Erfundene Lebensläufe

8.11.2019, 13:05 Uhr
Erfundene Lebensläufe

© Foto: privat

Sprachverspielt, experimentell, doppelbödig, vielschichtig, lustig, fordernd und grenzüberschreitend. "Das wären vielleicht so ein paar Adjektive", sagt Philip Krömer auf die Frage nach seinen Schreibstil. Und er klingt dabei wie jemand, der über diese Frage gerne nachdenkt, aber ungern Antworten dazu gibt. "Man hat mir oft nachgesagt, einen sehr individuellen, speziellen Stil zu haben, den so niemand betreibt."

Diese Stimmen dürften wieder lauter werden. Denn der 31-Jährige veröffentlichte gerade sein neues Buch "Ein Vogel ist er nicht", eine Sammlung von neun Umschreibungen, wie es auf dem Cover heißt. Mit der Kunst des Fabulierens macht sich der gebürtige Amberger Krömer in kurzen Stücken über verschiedene historische Persönlichkeiten her.

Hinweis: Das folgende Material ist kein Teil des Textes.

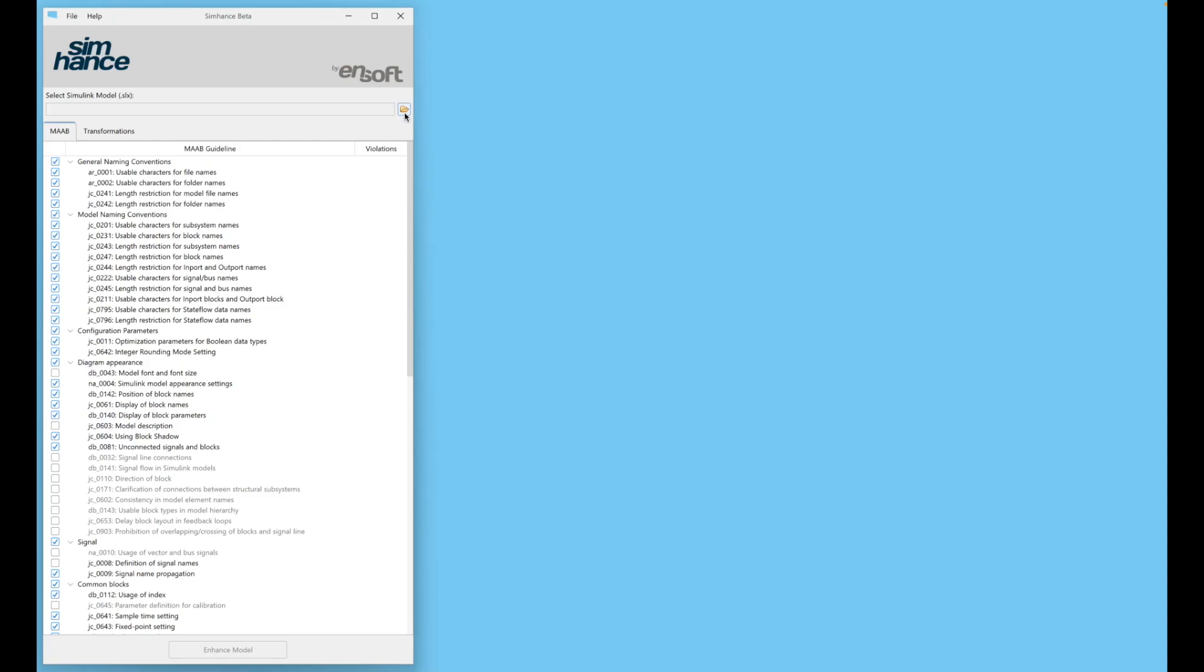SimHance automatically transforms Simulink models for standards compliance, modernization, or when intaking models from another team. SimHance instantly detects and corrects MAB guideline violations.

Vincent van Gogh, Edgar Allan Poe oder Kaiserin Sisi bekommen von ihm neue Biographien, neue Leben geschenkt. Mal phantastisch, mal absurd. Immer sprachlich außergewöhnlich, immer fesselnd vom ersten Wort. Kurzgeschichten epischer Schönheit.

"Es sind historische Wahrheiten. Umgedichtet. Ich schreibe Alternativen", sagt Krömer, der in Erlangen Literatur- und Buchwissenschaften studierte und heute in der Hugenottenstadt lebt. "Mein großes Interesse ist, Geschichten zu schreiben und Geschichte, wie wir sie aus den Geschichtswerken kennen, zu variieren, Möglichkeiten auszutesten und Leerstellen auszufüllen."

Welten erschaffen

Bereits mit 14 Jahren fing Krömer mit dem Schreiben an. "Das darf man aber nicht offiziell zur Schriftstellerei rechnen." 2011 entstand dann die erste Geschichte, die ihn selbst überzeugte. "Davor war Geplänkel." Obwohl er damals wusste, dass Schreiben das ist, was er machen möchte. Für Film und Musik fehlte die Geduld, für ein Handwerk das Talent. Aber er wollte erschaffen. Welten, Figuren, Geschichten.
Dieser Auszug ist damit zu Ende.